Medicare. Medicare is a federal medical-insurance program that generally provides coverage to persons who are sixty-five years of age or older, persons of any age with permanent kidney
As of January 1, 2001, a person who is admitted to a skilled nursing facility within thirty days of a three-day hospital stay, and who is receiving care for the condition for which he or she was in the hospital, may receive up to one hundred days of either total or partial coverage from Medicare. The hundred days of coverage are not automatic. In order to qualify for Medicare benefits, the person must receive daily skilled nursing care or therapy services, and be certified for those services by a group of professionals, known as a utilization review committee, who reviews the case. If the person meets all of these requirements, he or she will receive coverage as follows:
- Full coverage for a semi-private room, meals, nursing care, rehabilitation therapy, drugs prescribed by the physician, medical supplies and equipment for the first twenty days
- Partial coverage for up to an additional eighty days if the physician and the reviewing professionals certify continued need for skilled services
Government statistics show that patients receive an average of twenty-four days of coverage under Medicare.
Medicaid. Medicaid is a program of health insurance for eligible low-income persons. Both the federal and state governments fund Medicaid. The program was not initially established to provide long-term coverage for persons in nursing homes; however, it has become the primary method of payment for low-income individuals in these facilities. While it varies from state to state, Medicaid pays for approximately 65 to 75 percent of nursing-home care. In order to receive payment from Medicaid, nursing homes must also be certified.

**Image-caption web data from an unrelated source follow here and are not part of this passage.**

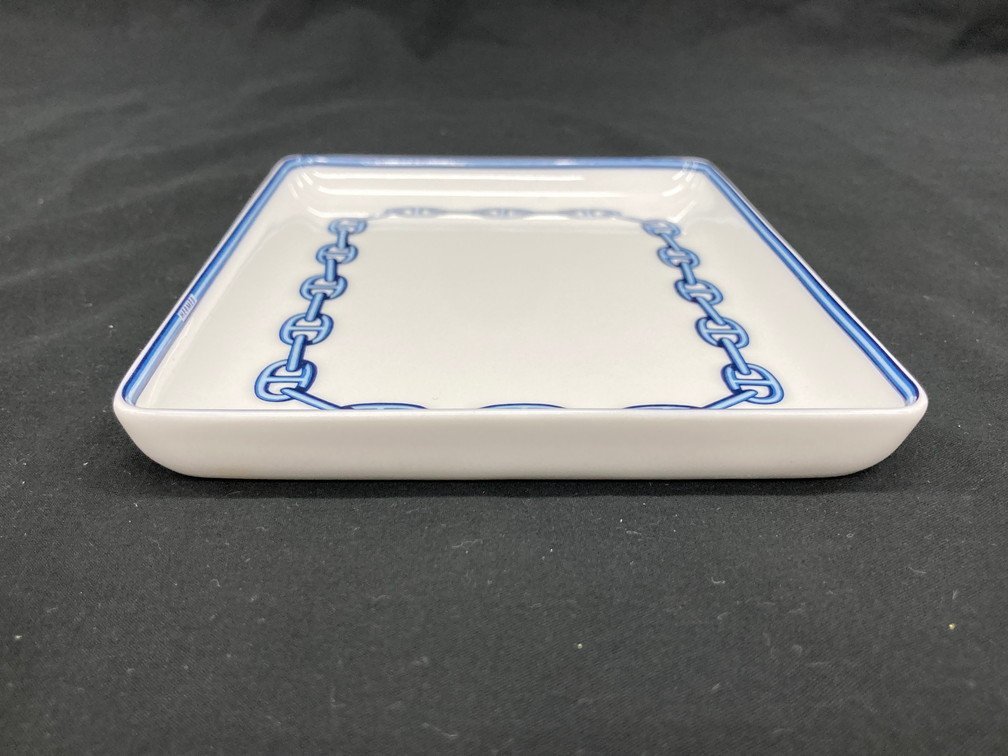 エルメス HERMES シェーヌダンクル シェーヌダンクルプラチナ 食器 ホワイト 22.5cm 皿 手元に在庫あり直営店 004107P2 ブルー □美品□ プレート 送料無料 スクエア 皿の通販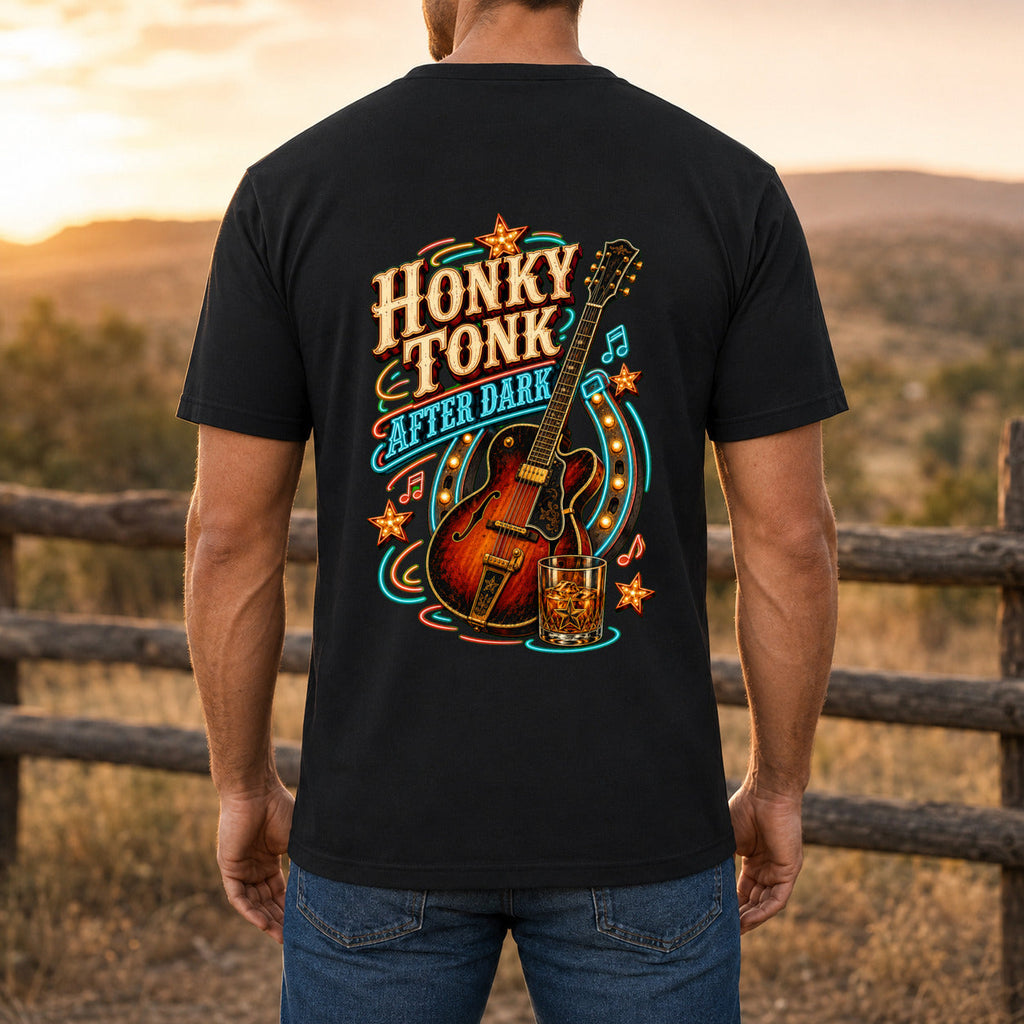 Honky Tonk After Dark Premium DTF T-Shirt men’s back fit showing DTF print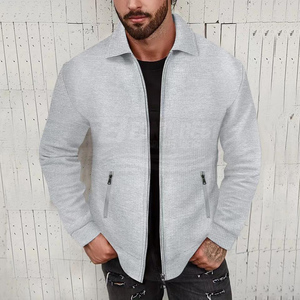 Nouvelle veste décontractée pour homme, coupe slim, hiver, col montant, imprimé lettres, couleur unie, poches zippées, manches longues, service OEM, fabricant, vente en gros - Product Image 3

Individuals applying for Medicaid must do so through the county office of the U.S. Department of Human Services in their state. Medicaid applicants must meet both financial and medical eligibility criteria. In order to meet the financial criteria, an individual's assets must be less than $2,000; or $3,000 for a couple in the nursing home at the same time. Assets include cash, real and personal property (excluding the primary residence), cars, stocks, bonds, and the cash value of life-insurance policies, investments, and trusts—if the trust provides for the person's care.
Many people have too many assets at the time of admission to a nursing home to qualify for Medicaid. They must typically "spend down" their assets to meet the financial eligibility requirement. In the past, these spend-down requirements have often left the community-living spouse destitute. As a result, more liberal laws now provide for the financial protection of such spouses. As of January 2001, most states allow the spouse of a nursing-home resident to retain half of the couple's assets and the family home and furnishings, so long as these assets don't exceed a state established minimum. These laws are subject to review both at the state and federal level.